The 36 accepted bids total just over $10.1 million, which is right around the amount of federal loan money available for the permit buyback.

What's next?

Probably after this fishing season, Southeast salmon seine permit holders — currently 315 of them — will vote in a referendum on whether the fleet agrees to shoulder the loan to complete the buyback.

In 2012, Southeast seiners approved a $13.1 million loan to remove 64 permits.

But in 2017, a vote to retire 22 more permits from the fishery failed.


Anonymous said...

This is great for the se seine fleet. Reduce the competition, increase the average gross stock, building a smaller, more stable fishery for the future generations to buy into. It is also a great way to address the "graying" of the fleet, as seiners who are considering retirement can either use this buy back, or fish a couple more seasons til things turn around, and sell their permit to someone younger who will be left with paying for the loan that the current sellers voted for, at higher price, given there will be less permits available.
For the economics of the region, it really sucks. Processing will consolidate to fewer communities, which will have a crippling effect on the communities that lose processing that have invested in capitol projects to service the industry. 36 vessels that currently buy food, fuel, gear, provide 180 direct jobs and undetermined amount of indirect jobs, pay moorage, use haulouts, etc, will be lost to the region, as there are few, if any other fisheries in the region that they could be used for. The state really dropped the ball in facilitating this.
There's a reason fish school up. It's because there is safety in numbers. Small schools are more vulnerable. For that reason, the seiners, in voting for this, have done not only themselves, but the entire industry, and the region, a real injustice.

Anonymous said...

How about this buyback consider that the State of Alaska's economy is involved. Weed out the out-of-state fishermen first. Seiners in Alaska use to be the rural key to a payday where paydays are hard to come by.


Anonymous said...

Oh, and kick these wanna be fishermen out of state. You know, the commercial charter boat fleet that has wrecked fishing as we know it. Yeah, isn't that what this is about?


Anonymous said...

That's not the whole story, Wes.

In 2008, SRA hired Boy Ben to lobby his dad and got free money from Uncle Ted and used it to buy out 35 permits

In 2012, SRA got a fed loan and used it to buy 64 more permits. The guys still fishing have to pay it off.

In 2013, SRA asked for bids got a few (10?) bids and didn't accept any to buy out. The bids were too high.

In 2014, SRA tried again and all the bids were still too high. Everybody was cutting a fat hog in the ass and nobody wanted to sell.

In 2016, they again asked for bids and this time accepted 22 of them. But the fleet looked at the numbers said no way and the whole thing got voted down.

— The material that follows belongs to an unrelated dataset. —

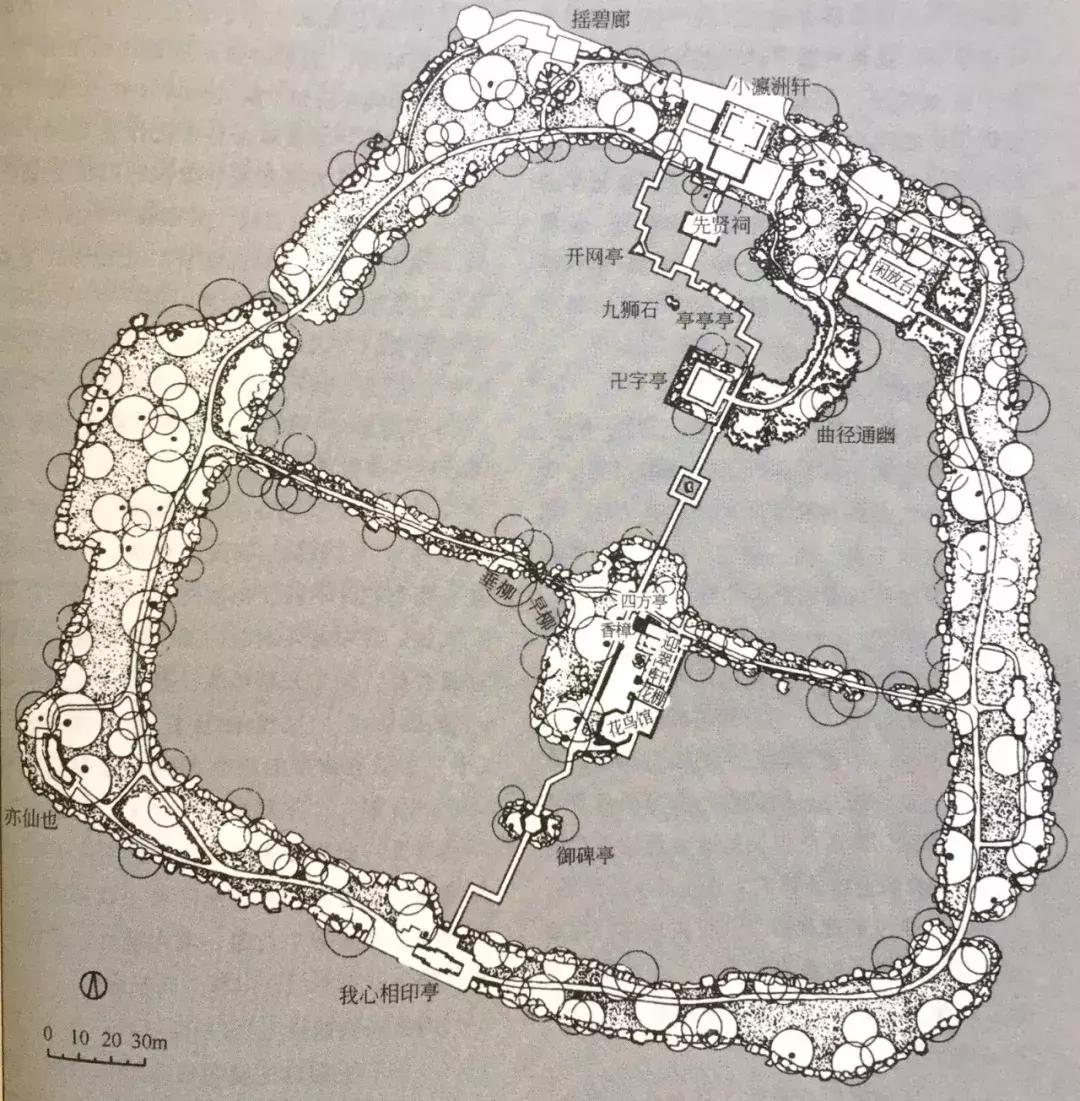 国外经典园林平面图,明清园林平面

Now in 2018 were in a 2016 repeat. SRA accepts 26 bids and another wasted time vote coming.

Anonymous said...

If it passes it will definitely be time for re allocation , kind of hard to
argue against giving trollers & gillnetters a bigger piece of the pie at that point.

Anonymous said...

$272k each, How does the buyback work? Do all the permit holders need to put in for the buyback or is it just the active guys?

It would be funny if only the active guys pay and the non actives get the benefit of increased permit values.

Anonymous said...

The purpose of this buyback is to create an exclusive fishery to ensure the wealth of permit holders and permit values.

It clearly exceeds the constitutional purposes of limited entry.